A close clinical follow-up with a low threshold for repeat biopsy is required for all patients with a diagnosis of atypical lymphocytic infiltrate. We typically see patients every three to four months. The frequency of follow-up visits may be reduced if clinical improvement is noted or the condition remains stable. Patients should be educated to alert the clinician for more urgent evaluation if a change in their condition occurs.

SUMMARY AND RECOMMENDATIONS

●Definition – The term "atypical lymphocytic infiltrate" is generally used when the pathologist cannot reliably differentiate a reactive from a malignant lymphoproliferative disorder on histopathologic grounds alone. It describes the histologic finding of a dermal infiltrate of atypical lymphocytes admixed with cytologically banal, reactive-appearing lymphocytes in a pattern that is suggestive of lymphoma or leukemia. (See 'Definition' above.)

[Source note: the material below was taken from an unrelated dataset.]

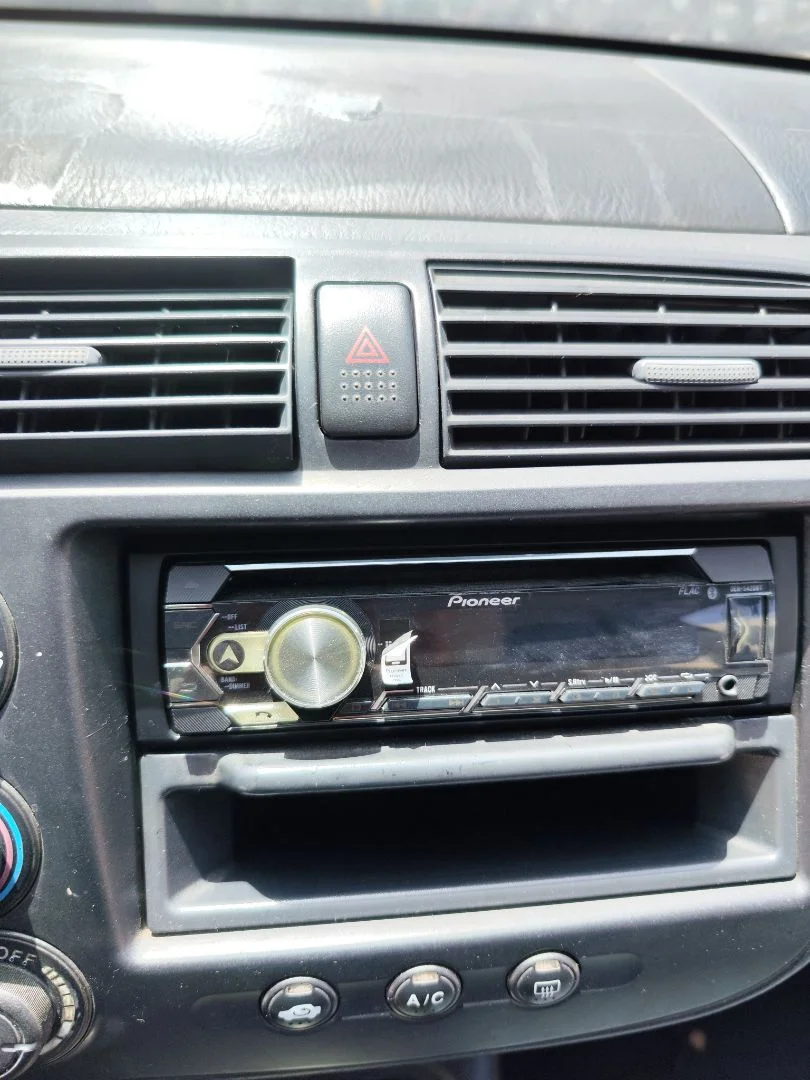 Foto de SISTEMA AUDIO / RADIO CD HONDA CIVIC AERODECK (MB/MC) 1.6 CAT (D 16 B 2) (116 CV / 85 KW)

●Diagnostic approach – Clinicians suspecting a cutaneous lymphoproliferative disorder should provide adequate tissue samples for histopathologic examination, immunophenotyping, and molecular studies. Incisional or punch biopsies ≥5 mm in diameter taken from two or more distinct lesions may increase the chance of a correct diagnosis. (See 'Histologic clues' above and 'Immunophenotyping' above and 'Molecular analysis' above.)

●Management – Communication between the pathologist and the clinician, as well as between the clinician and the patient, is essential for the management of patients with a diagnosis of atypical lymphocytic infiltrates of the skin. A "watch and wait" approach with symptomatic treatment of the skin lesions is appropriate for most patients. (See 'Management' above.)